[What you should do]:
Output the lines of the records exactly, from the first through the one containing "sonos soundbar Product". Omit all pictures.

[Data under study]:
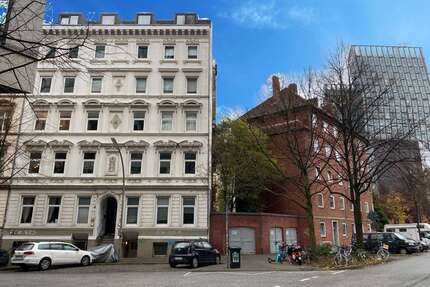 Wohnung zum Mieten in Hamburg 1.585,00 € 92 m²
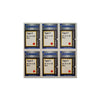 Lot de 6 cassettes Reiner RET1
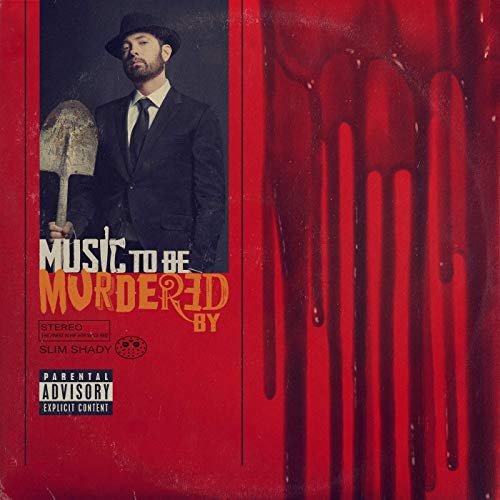 Eminem - Music To Be Murdered By (2020) Hi-Res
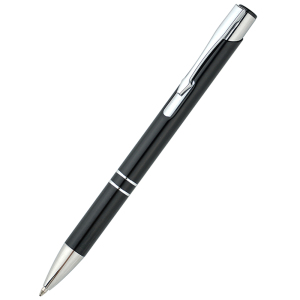Ручка металлическая Holly, цвет черная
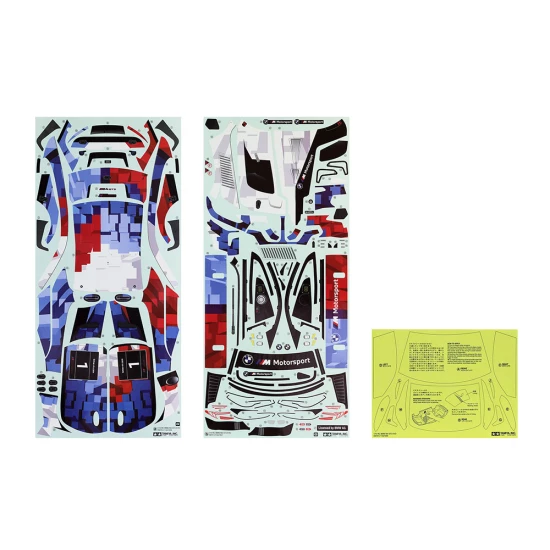 Tamiya BMW M4 GT3 EVO(TT-02) 1/10 kit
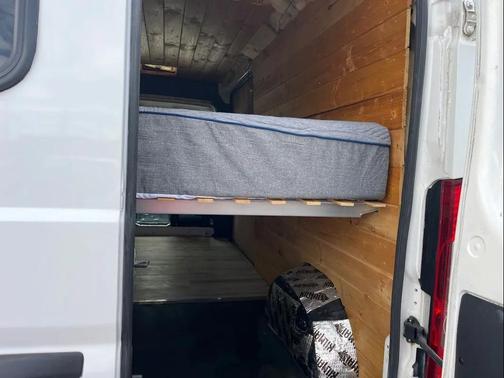 2017 RAM ProMaster 2500 High Roof
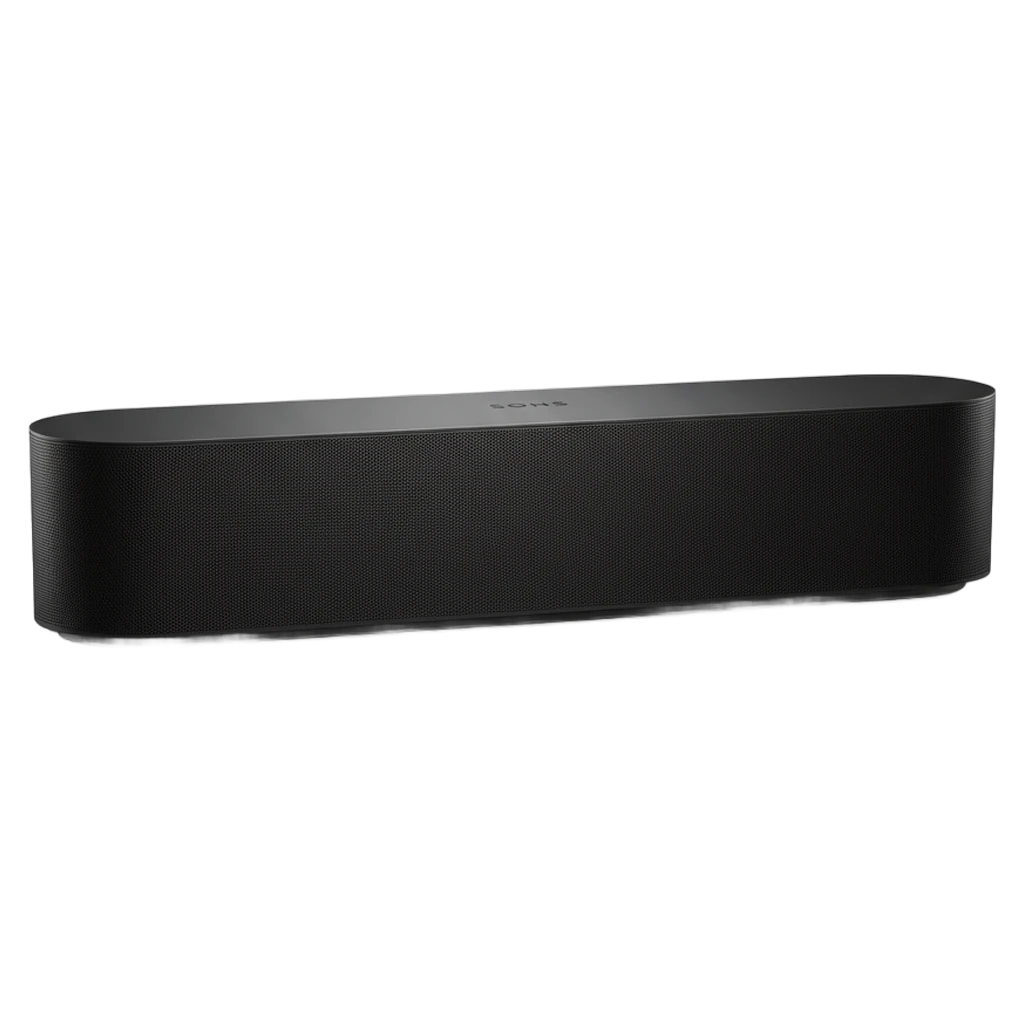 sonos soundbar Product Shot icon - free AI-generated product shot icon for web and app projects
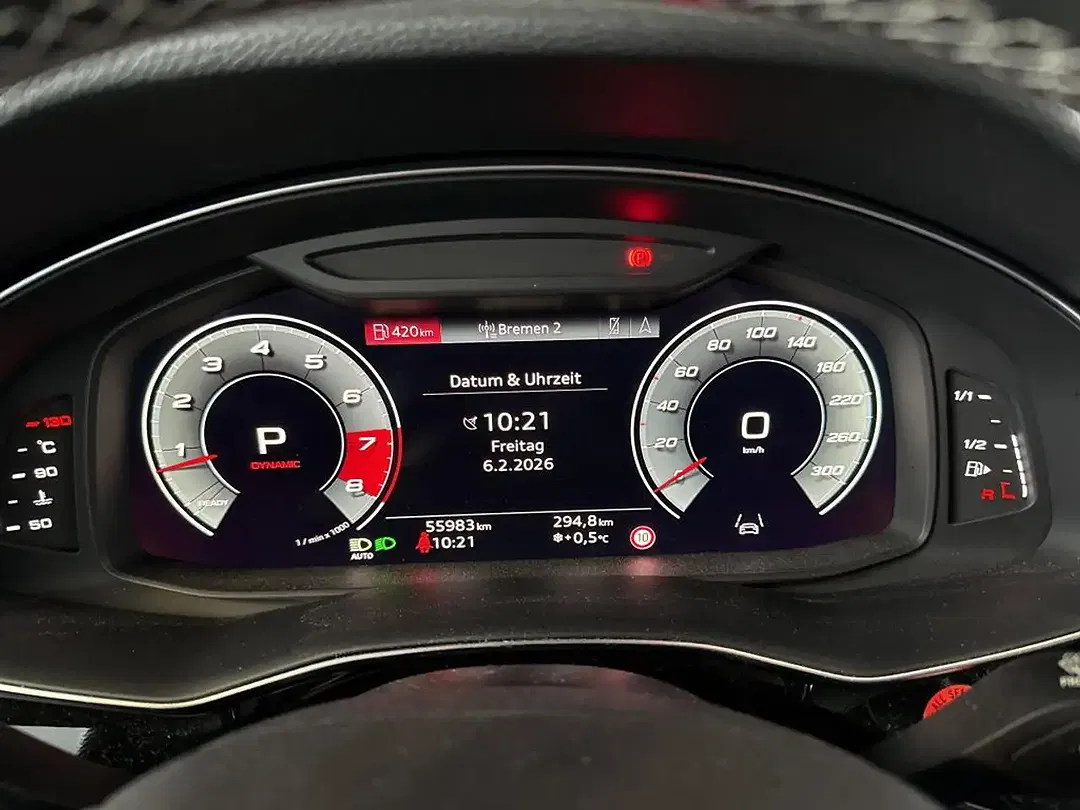 Audi SQ7 4.0 TFSI quattro competition plus Matrix LED - foto 7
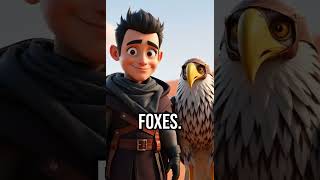 Phantom Falconer Mystery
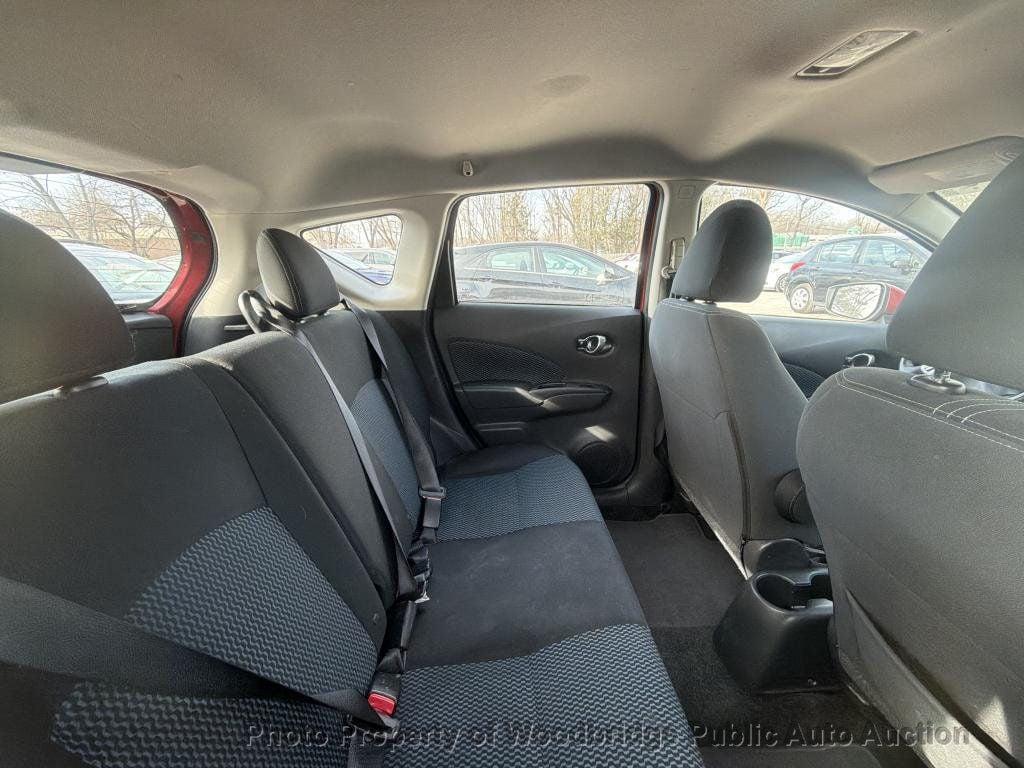 used 2018 Nissan Versa Note car, priced at $4,450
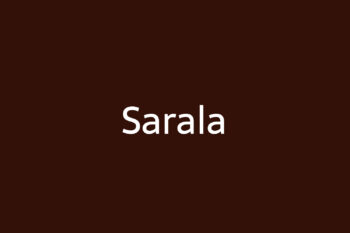 Sarala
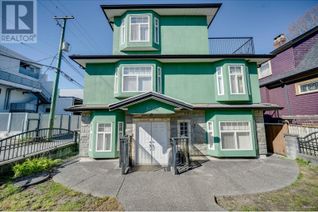 Detached House for Sale, 1843 E 22nd Avenue, Vancouver, BC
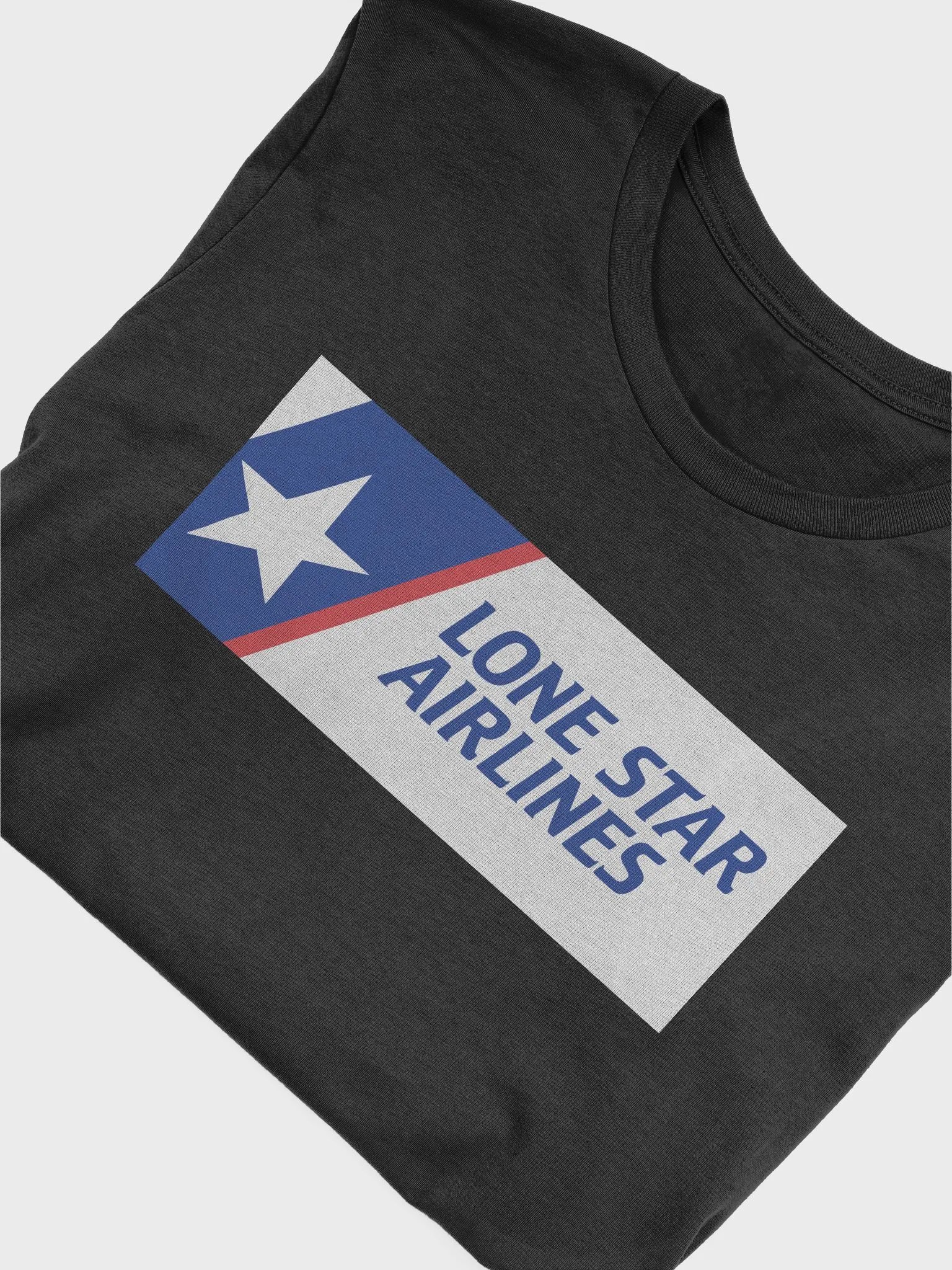 Lone Star Airlines - T-Shirt product image (3)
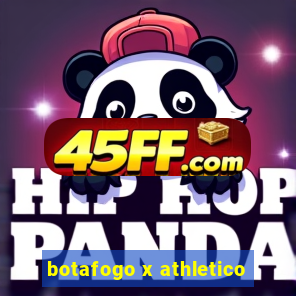 botafogo x athletico-pr palpite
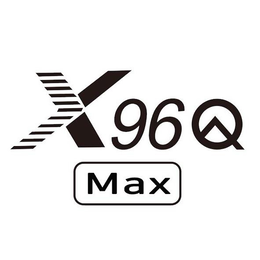 Mark drawing for X96Q MAX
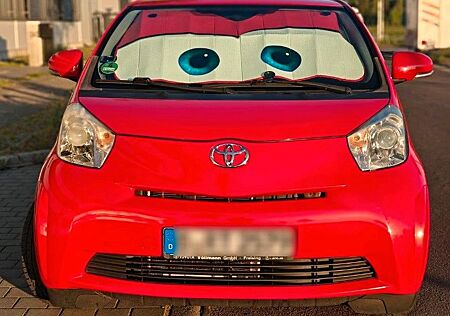 Toyota iQ 1,0-l-VVT-i Manuell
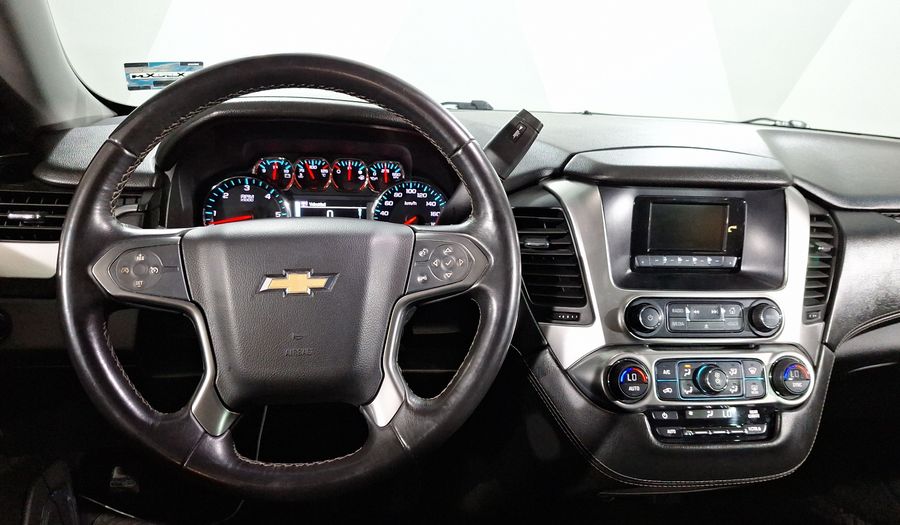 Chevrolet Tahoe 5.3 A LS AT Suv 2016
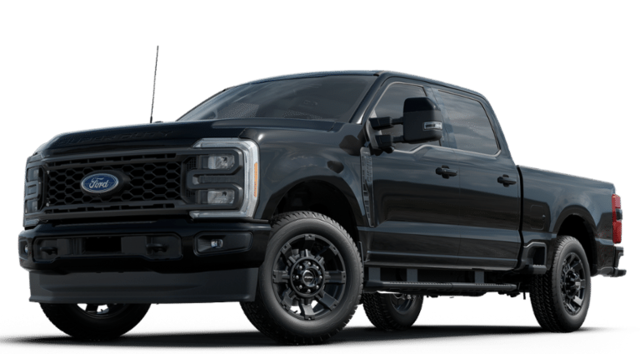 2024 Ford SuperDuty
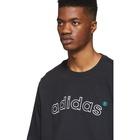 adidas Originals Black Archive Logo T-Shirt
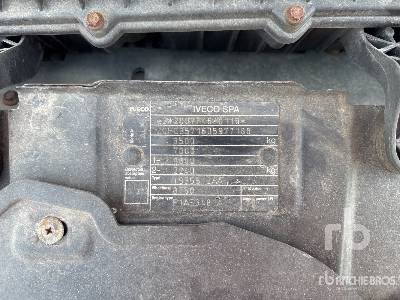 IVECO 35S11 2014 Multitel MT202 20 m on Cam ... - Camión con plataforma elevadora: foto 5 IVECO 35S11 2014 Multitel MT202 20 m on Cam ... - Camión con plataforma elevadora: foto 5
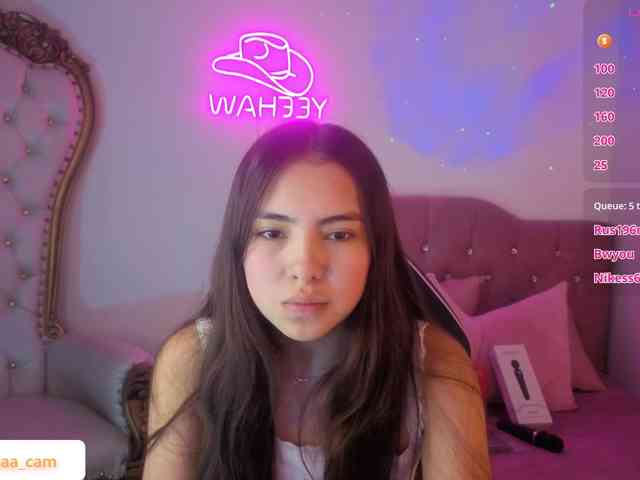 Isabela-tay webcam
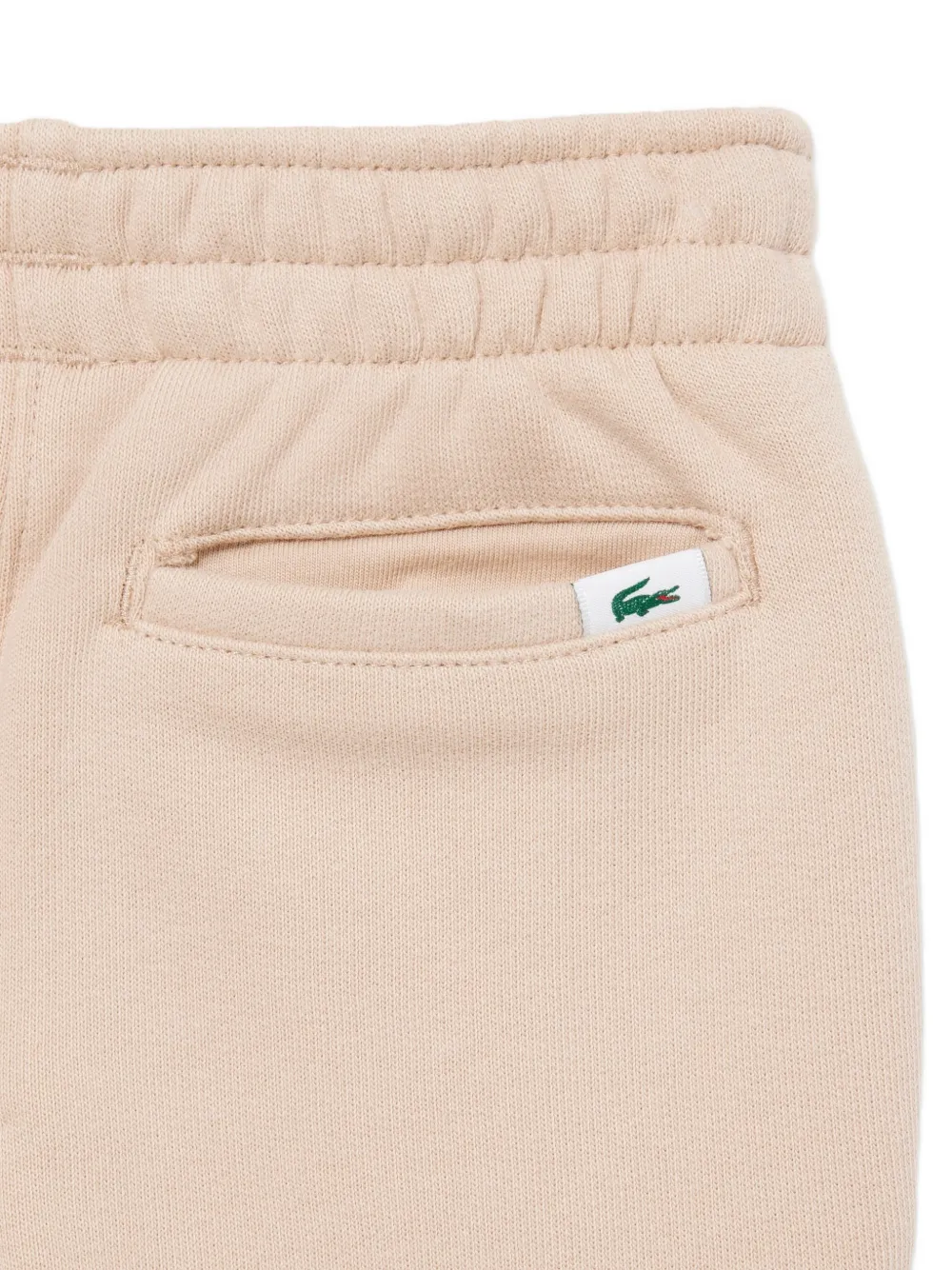 Lacoste Kids Petit Piqué polo set Beige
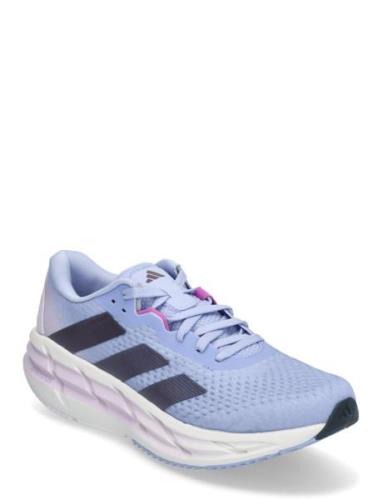 Adistar 3 Sport Sport Shoes Sport Running Shoes Blue Adidas Performanc...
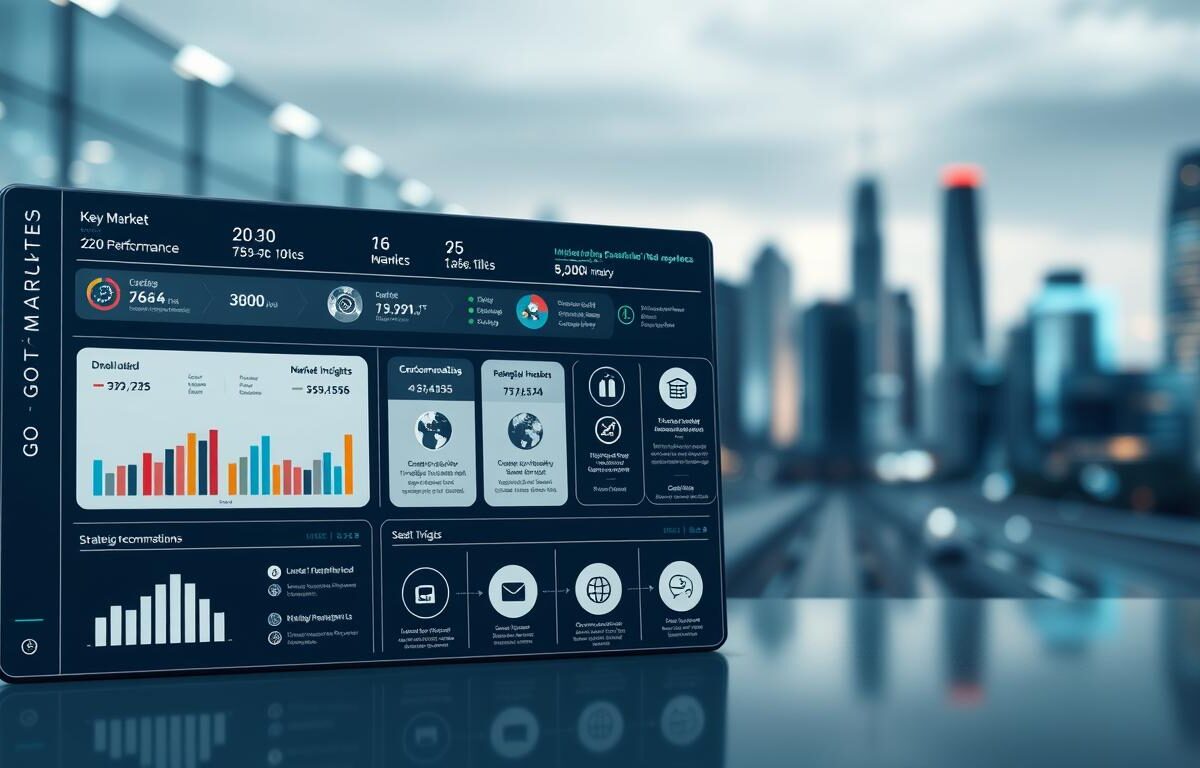 go to market online marketing strategies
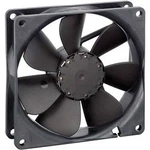 Axiální ventilátor EBM Papst 3412 NGMV 9292506333, 12 V/DC, 26 dB, (d x š x v) 25.4 x 92 x 92 mm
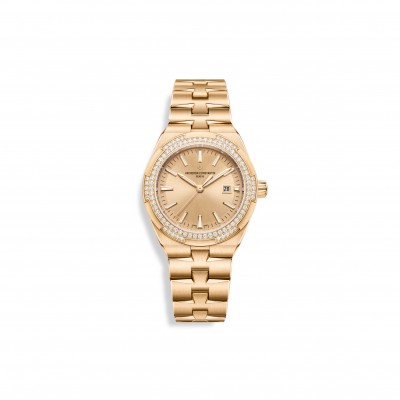VACHERON CONSTANTIN OVERSEAS SELF-WINDING 35 MM PINK GOLD 4605V/200R-B968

[Completed task]:
 Wohnung zum Mieten in Hamburg 1.585,00 € 92 m²
 Lot de 6 cassettes Reiner RET1
 Eminem - Music To Be Murdered By (2020) Hi-Res
Ручка металлическая Holly, цвет черная
 Tamiya BMW M4 GT3 EVO(TT-02) 1/10 kit
 2017 RAM ProMaster 2500 High Roof
 sonos soundbar Product Shot icon - free AI-generated product shot icon for web and app projects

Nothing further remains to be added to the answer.